**** Task input ****

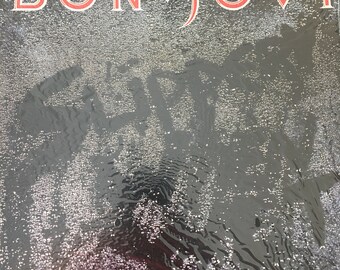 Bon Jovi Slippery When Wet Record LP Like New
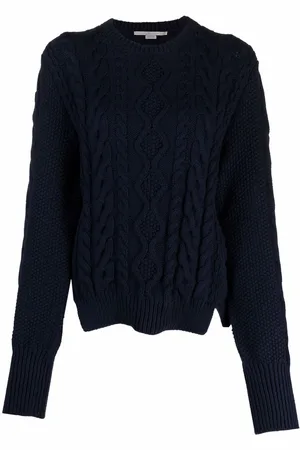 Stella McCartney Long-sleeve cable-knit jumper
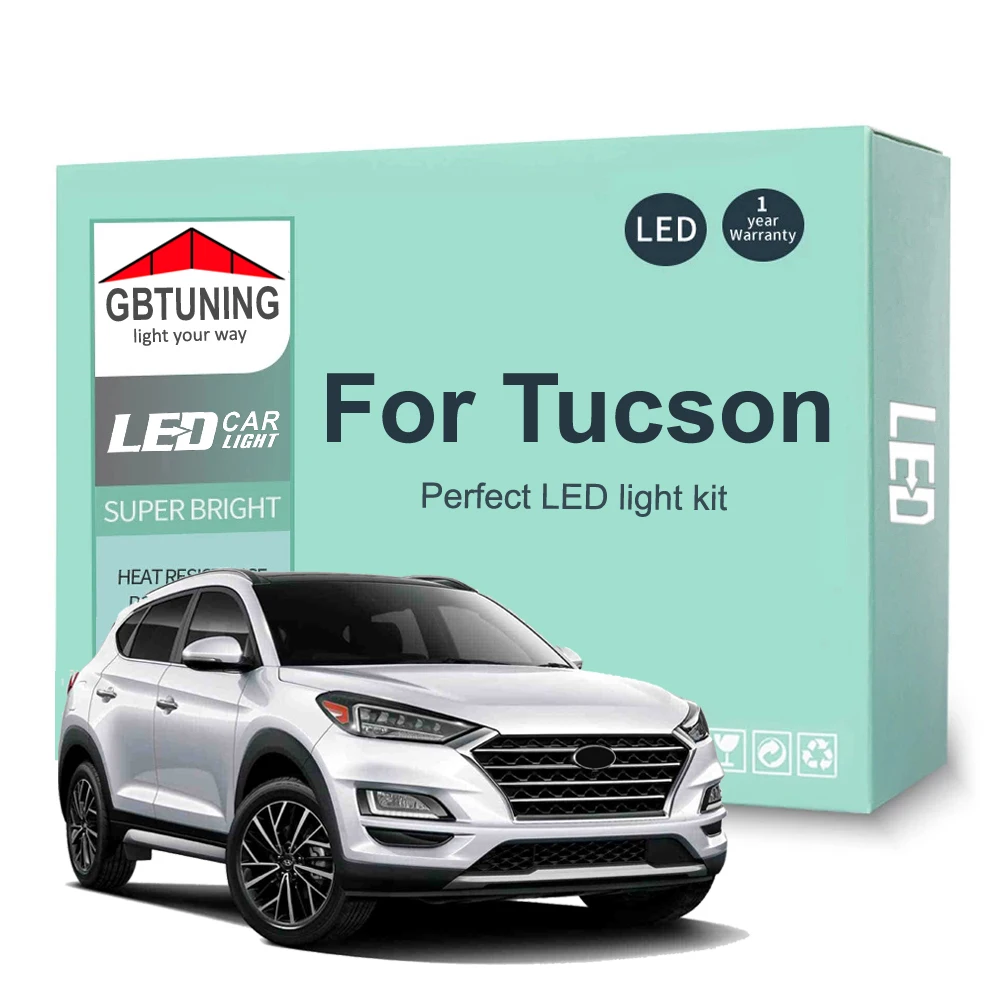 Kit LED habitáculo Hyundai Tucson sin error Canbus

****
**** Task input ****

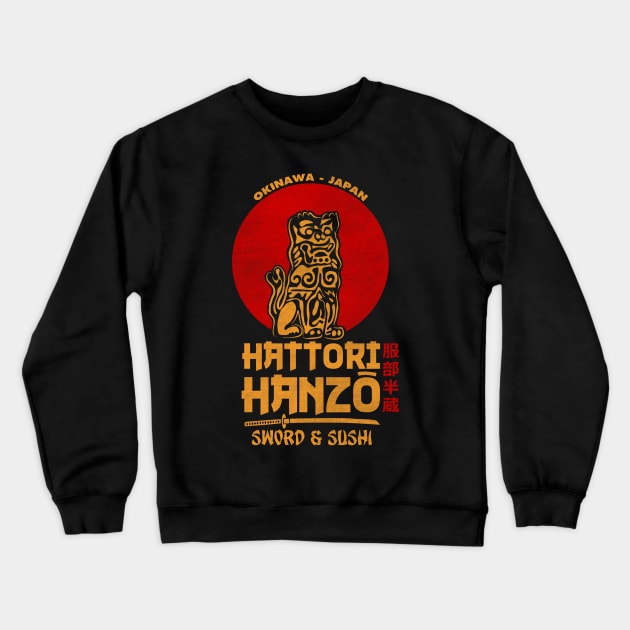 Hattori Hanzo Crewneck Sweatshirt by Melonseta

****
**** Task input ****

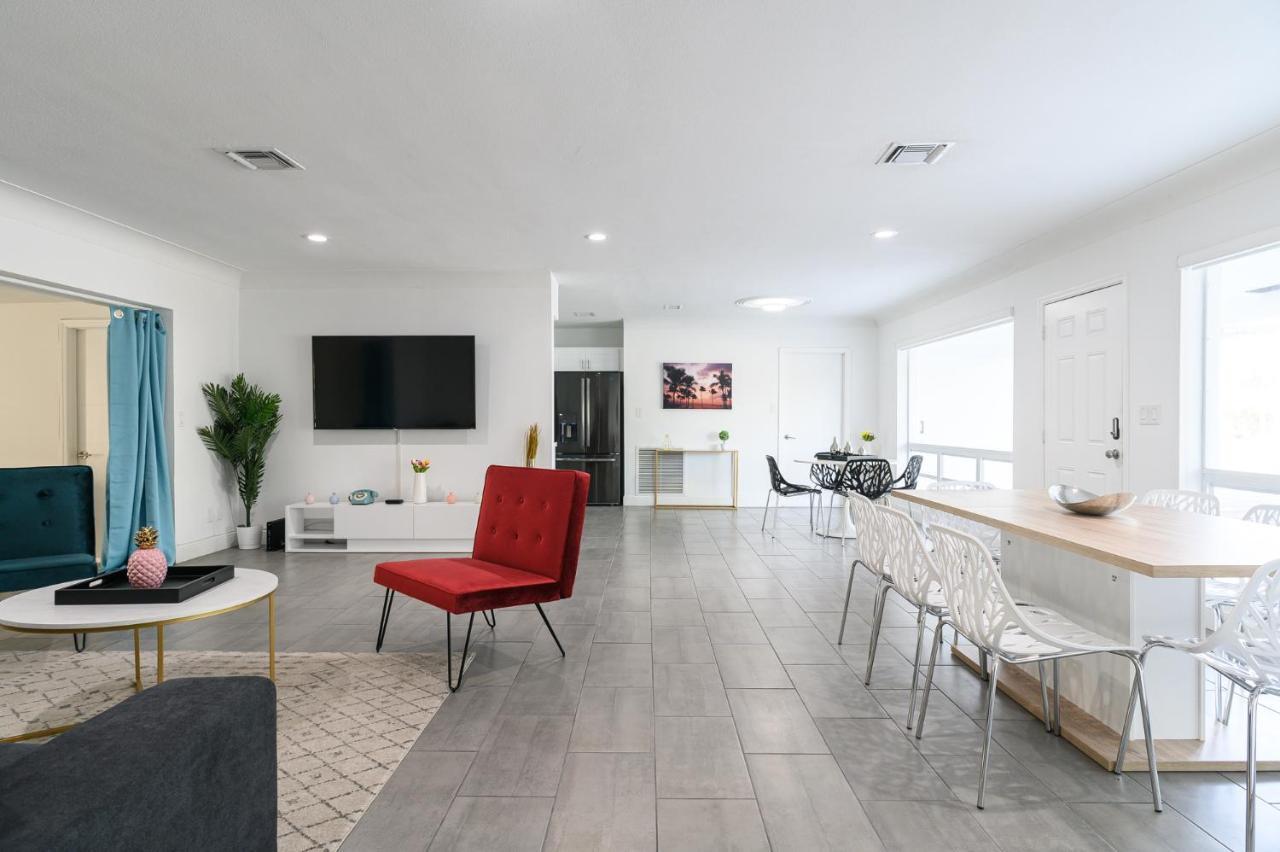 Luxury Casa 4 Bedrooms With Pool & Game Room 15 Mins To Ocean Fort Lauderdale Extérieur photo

****

> _Work task_:
Your copy should hold the lines from the one with "Stella McCartney Long-sleeve" up to and including the one with "Kit LED habitáculo", exactly as in the data above, and no pictures.

> _Task output_:
 Stella McCartney Long-sleeve cable-knit jumper
 Kit LED habitáculo Hyundai Tucson sin error Canbus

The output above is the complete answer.